‘To roar or not to roar’ | Pakistan Today

‘To roar or not to roar’

Nawaz Sharif returns to stand up against judiciary


The Sharif family can always be counted on to present the nation with a new drama every season and Nawaz Sharif’s recent visit to Pakistan was nothing short of the usual gimmickry.

While appearing defiant on the outside, the former premier nonetheless graced the country with his presence and faced the National Accountability Bureau (NAB) court.

The year-long Panama battle did lead to Nawaz’s disqualification from the Premiership but his party, despite its apparent differences, continues to fight tooth and nail to bring him back on the throne.

Even after being held accountable for corruption allegations and a humiliating disqualification, Nawaz continues to complain that he has been forced out based on false accusations and openly criticises state institutions for conspiring against him.

In a recent press conference, the deposed prime minister called out to the public and urged them to show their support and stand up against the judiciary that has targeted him for allegations that could be proven.

He said that despite the fact that the accusations levelled against him could not be proven, the powerful institutions were adamant to attack his authority and remove him from the seat.

“Nawaz intends to confront the military establishment through public support,” said Rasool Baksh Rais, political scientist and professor.

“He believes winning the general majority in the election is the only way to bring him back.”

Nawaz Sharif was disqualified from holding public office under the Supreme Court’s Panama Papers case verdict.

But despite all odds, he is set to once again take charge as the elected head of Pakistan Muslim League-Nawaz (PML-N) after an amendment to the Political Party Order (PPO) section of the Elections Bill 2017.

The clause that did not allow a person ‘disqualified under article 63 to hold office’ has now been removed and passed by the National Assembly without even being noticed by the opposition.

“The approval of the amendment to the bill was a weakness on the part of the opposition,” said columnist and analyst, Ayaz Amir.

The recent by-elections result was an indication of the deeply embedded influence of the Sharif family into the political system.

The election campaign run by Maryam Nawaz was more aggressively confrontational and showed clear signs of defiance against the judiciary and other state institutions by the next generation of ruling elites.

After running out of arguments, the family has been criticised for playing the victim card.

“Zardari and Nawaz are intending to stage a powerful comeback but the court ‘has the court’,” said Rais.

Nawaz complains of being the only one attacked by the establishment for hiding his wealth, although many politicians have been named in the Panama Papers.
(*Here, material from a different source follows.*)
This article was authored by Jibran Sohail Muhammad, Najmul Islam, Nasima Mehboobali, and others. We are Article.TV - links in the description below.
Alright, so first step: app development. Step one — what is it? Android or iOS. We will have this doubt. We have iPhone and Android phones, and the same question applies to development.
However, Nawaz and his supporters choose to remain oblivious to the fact that the reason why he was targeted the most is because he was holding the most prestigious seat being the prime minister of a country that is crippled under corruption and terrorism.

“Disregarding the SC verdict and questioning the integrity of the security forces without actually naming the military it is just one of the defence mechanisms of the Sharif leadership,” said Rasool Baksh Rais. “Nawaz’s move is confrontational against the establishment and discrediting the superior judiciary will do more harm than good.”
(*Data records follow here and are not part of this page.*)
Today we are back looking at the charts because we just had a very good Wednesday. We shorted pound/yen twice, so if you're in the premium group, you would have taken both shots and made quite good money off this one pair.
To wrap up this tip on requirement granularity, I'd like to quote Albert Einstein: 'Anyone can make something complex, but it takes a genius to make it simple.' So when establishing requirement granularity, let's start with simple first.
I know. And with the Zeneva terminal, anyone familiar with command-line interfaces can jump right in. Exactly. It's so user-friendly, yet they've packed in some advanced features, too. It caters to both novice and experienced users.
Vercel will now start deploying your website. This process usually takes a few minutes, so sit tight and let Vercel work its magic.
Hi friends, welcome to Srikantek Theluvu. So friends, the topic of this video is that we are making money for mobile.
On the other hand, some have also praised Nawaz for being the only known politician for standing up and facing the accountability court, a move that politicians are not expected to make.

He has been lauded for respecting the law simply by showing up in the court.

“Nawaz Sharif was the only serving prime minister who had presented himself before the SC for accountability,” said Pakistan Muslim League-Nawaz (PML-N) leader Mushahidullah Khan.

“The Joint Investigation Team’s (JIT) proceedings were a clear indication of bias even before the results came out, and even some of the workings were against the law.”

Despite the prolonged Panama Case probe, it was inevitable that the Sharifs must face trial in court.

“Nawaz had no choice but to face the court. There is no way he could have flouted the law,” said Ayaz Amir. “They said they wouldn’t face the court but they did because there was no alternative.”

Nawaz relies on the ‘court of people’ but their complete disregard for the judiciary and their absence from the country is a representation of a privileged mindset that distances them from the masses.

PML-N has forever used the excuse that protecting Nawaz translates into protecting democracy as a shield from every action taken against him based on charges of corruption.

“It’s about time Nawaz Sharif stops misusing the government’s authority and intelligence bureau to create a rivalry between different institutions of the state,” said Pakistan Tehreek-e-Insaf (PTI) leader Naeemul Haque.

“Nawaz must be held accountable for financial crimes, betraying the country, and looting the public,” he said. “The law should be the same for everyone.”

Nawaz’s ‘larger than life’ attitude against any allegations against him is a refusal to acknowledge the law and the legal system.

“Attacking the SC and the army was a typical move from Nawaz but the throne has come down and the party must come to terms with reality,” said Ayaz Amir.

Nonetheless, Nawaz’s return was impactful enough to keep the audience buzzing about the political future of the country.